Problem to solve —
Take the line containing "Angle Wings French" and every line after it to the end of the material below; reproduce them exactly, without pictures.

Recorded data —
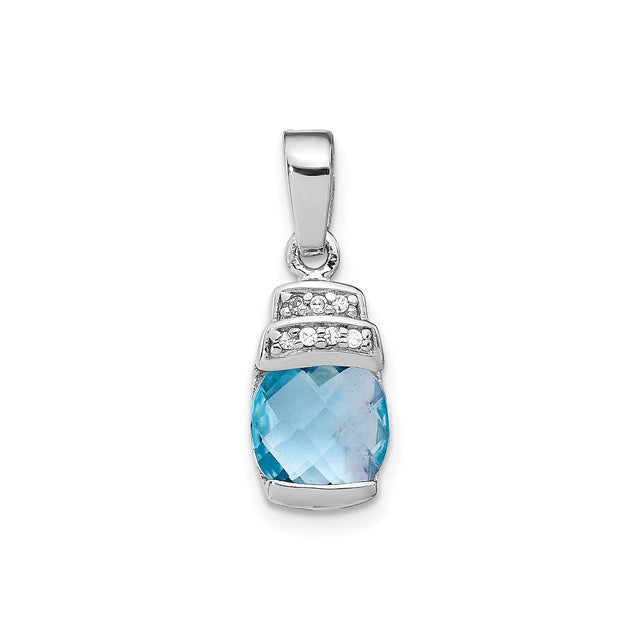 Sterling Silver Pendant with Blue Cubic Zirconia and Crystal Accents, Chic Modern Design for Women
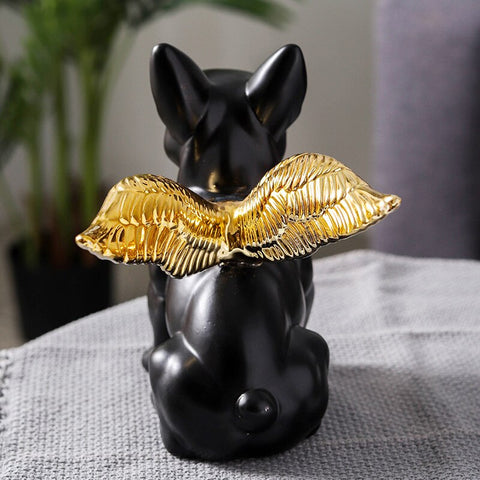 Angle Wings French Bulldog in black and gold ceramic from Allthingscurated.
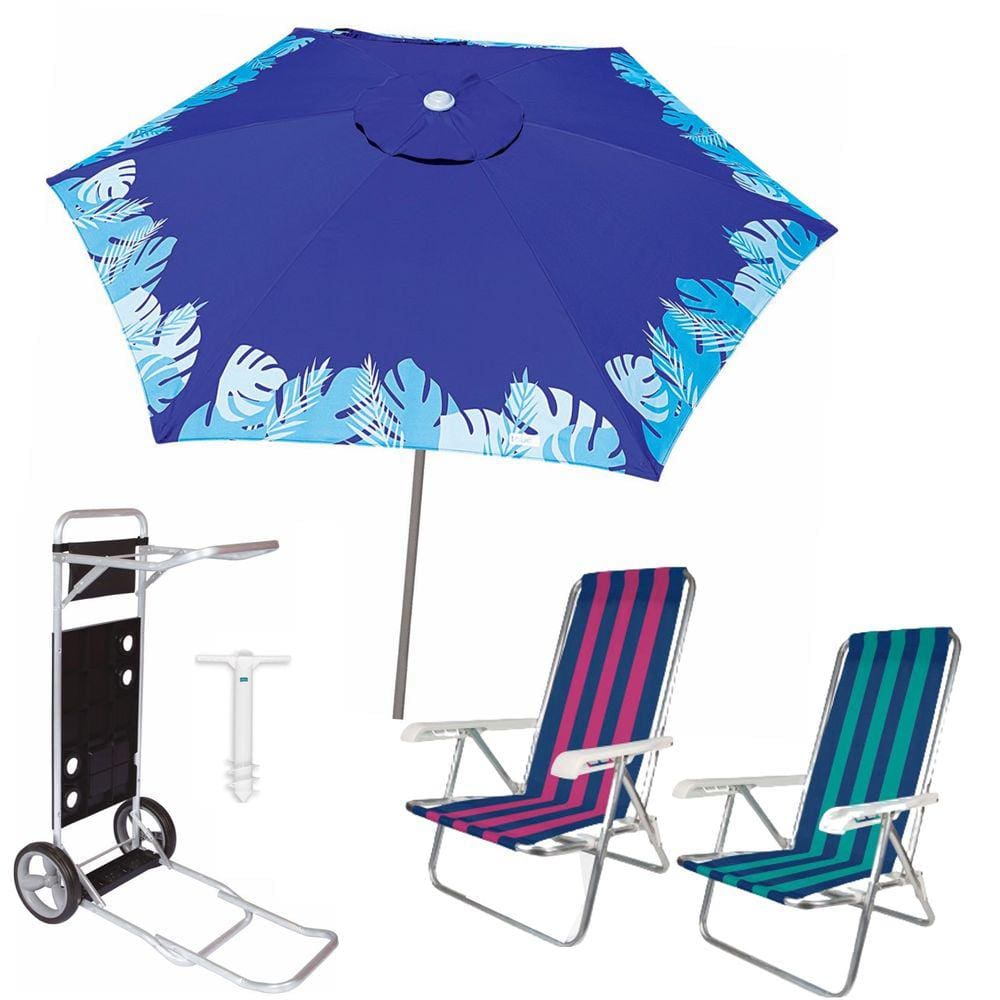 Kit Guarda Sol Ombrelone 2,4m Azul Carrinho Praia Avanço 2 Cadeira Reclinável 4 Posições Saca Areia - Tobee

Answer to this exercise —
 Angle Wings French Bulldog in black and gold ceramic from Allthingscurated.
 Kit Guarda Sol Ombrelone 2,4m Azul Carrinho Praia Avanço 2 Cadeira Reclinável 4 Posições Saca Areia - Tobee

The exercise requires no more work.